Lisa Elliott – DRG&E Senior Vice President

Stacy Locke – President, Chief Executive Officer & Director

Franklin C. West – Executive Vice President & President Drilling Services Division

Joseph Brooks Eustace – Executive Vice President and President Production Services Division

Loren E. Phillips – Chief Financial Officer, Principal Financial Officer & Executive Vice President

Analysts

James M. Rollyson – Raymond James & Associates, Inc.

Mike Urban – Deutsche Bank

Steve Ferazani – Sidoti & Company, LLC

J. Michael Drickamer – Morgan Keegan

Judson E. Bailey – Jefferies & Company

[David Deckholm – UBS]

Mark Brown – Pritchard Capital Partners

[Doug Hindig – Keeley Asset Management]

[Mike Trainer] – Milwaukee Private Wealth Management

Michael Mazar – BMO Capital Markets

Pioneer Drilling Company (PDC) Q4 2008 Earnings Call February 26, 2009 2:00 PM ET

Operator

Welcome to the Pioneer Drilling fourth quarter earnings conference call.
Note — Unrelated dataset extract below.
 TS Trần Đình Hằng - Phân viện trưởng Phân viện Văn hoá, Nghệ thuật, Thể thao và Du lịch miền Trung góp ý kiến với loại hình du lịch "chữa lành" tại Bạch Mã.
During today’s presentation all parties will be in a listen only mode. Following the presentation the conference will be opened for questions. (Operator Instructions) This conference is being recorded today, Thursday, February 26, 2009. I would now like to turn the conference over to Lisa Elliott, Senior Vice President of DRG&E.

Lisa Elliott

We appreciate you joining us for Pioneer Drilling’s conference call to review its fourth quarter and full year results. Before I turn the call over to management, I’d like to review a few things. In a few hours a replay of today’s call will be available and it can be accessed via webcast by going to the company’s website, that is www.PioneerDRLG.com, where it will be archived for one year in the investor relations section and also via telephonic replay through March 5 by dialing 303-590-3000 and entering the pass code 11125734.

You’ll also find that information in today’s press release. Information recorded on this call speaks only as of today, February 26, 2009 and therefore time sensitive information may no longer be accurate as of the date of any replay. Today management may make forward looking statements which are based on management’s belief as well as assumptions by and information currently available to management.
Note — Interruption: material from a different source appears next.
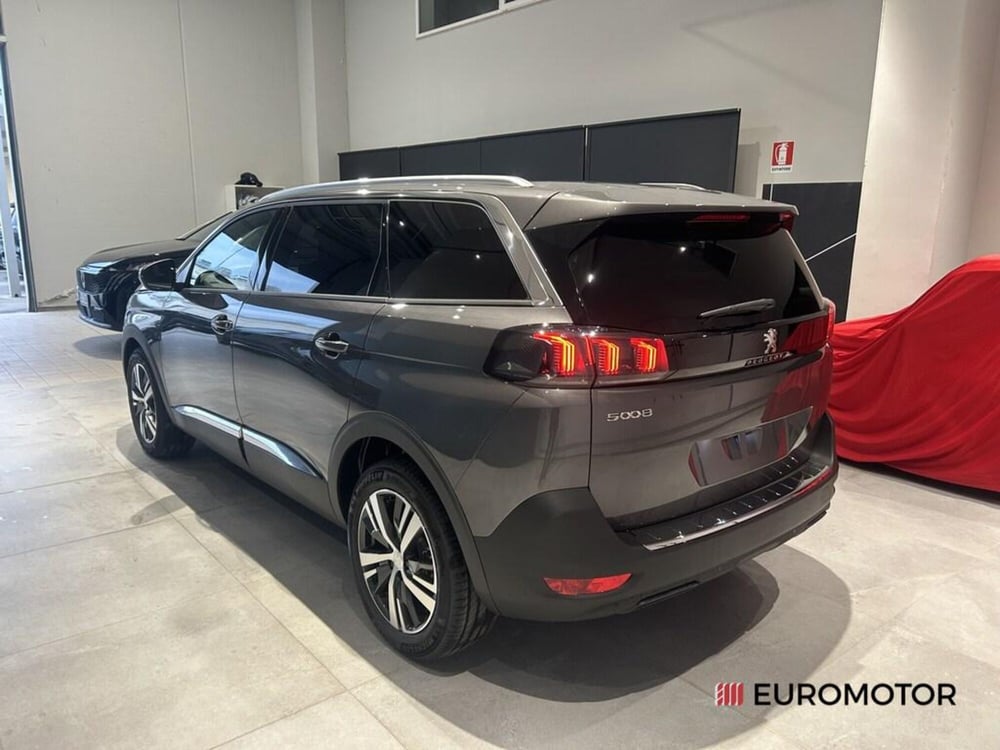 Peugeot 5008 nuova a Bari (7)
Although management believes that the expectations reflected in such forward-looking statements are reasonable they can give no assurance that such expectations will prove to be correct. Such statements are subject to certain risks, uncertainties and assumptions which are described in this morning’s earnings release as well as the company’s most recent annual report on Form 10K and subsequent filings with the Securities & Exchange Commission.
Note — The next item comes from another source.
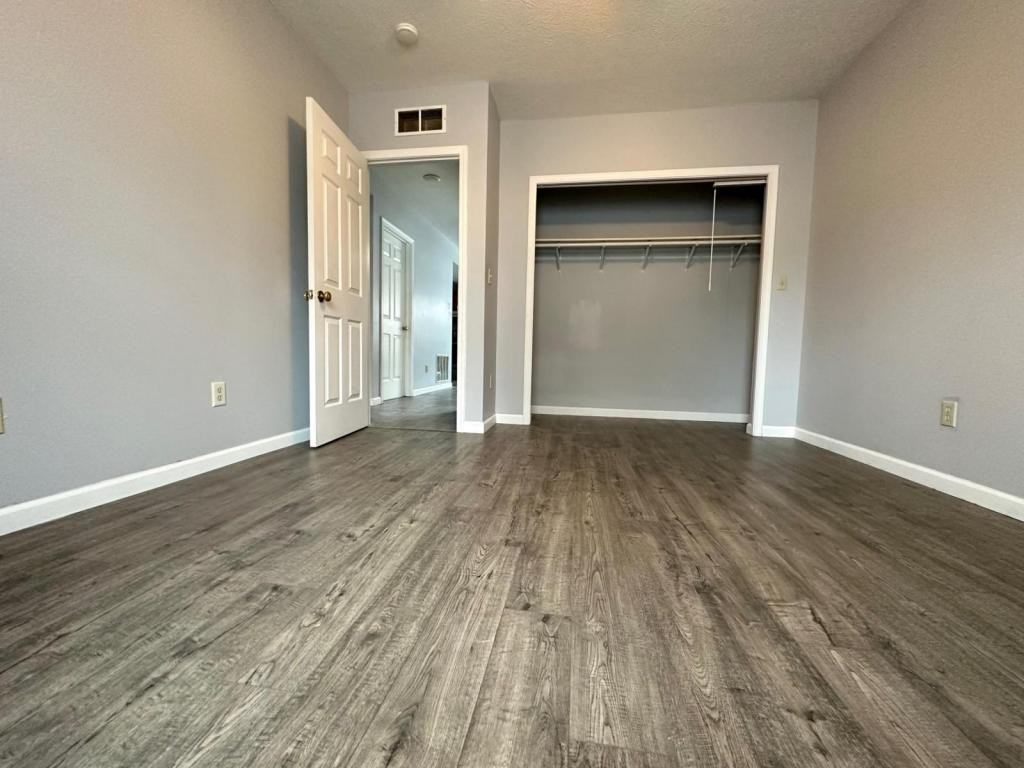 561 Sherman St - Photo 2 of 19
Should one or more of these risks materialize or should the underlying assumptions prove incorrect then actual results may vary materially from those expected. Please also note that this conference call may contain references to non-GAAP financial measures which you can find the reconciliation of these non-GAAP financial measures to GAAP financial measures in the Form 8K filed by the company earlier today as well as in this morning’s press release.

Now, I’d like to turn the call over to Mr. Stacy Locke, President and Chief Executive Officer of Pioneer Drilling.

Stacy Locke

Joining me on the call this afternoon is Red West, President of our Land Drilling Division, Joe Eustace, President of our Production Services Division and Loren Phillips, our new Chief Financial Officer. Loren had a strong analytical mind, he’s a good strategic thinker and he brings operational experience to the table in addition to a good strong finance and accounting background and we’re very, very happy to have him join our team.

Stepping back for a second and looking at kind of the big picture for 2008 we had a great year for Pioneer. We drove revenues up 47% to $611 million, we drove EBITDA up 48% to $214 million and we drove diluted earnings per share up 30% to $1.47 excluding the non-cash charges. It was a year of diversification for Pioneer, we successfully diversified our business where today roughly 30% of our revenues come from the production services segment.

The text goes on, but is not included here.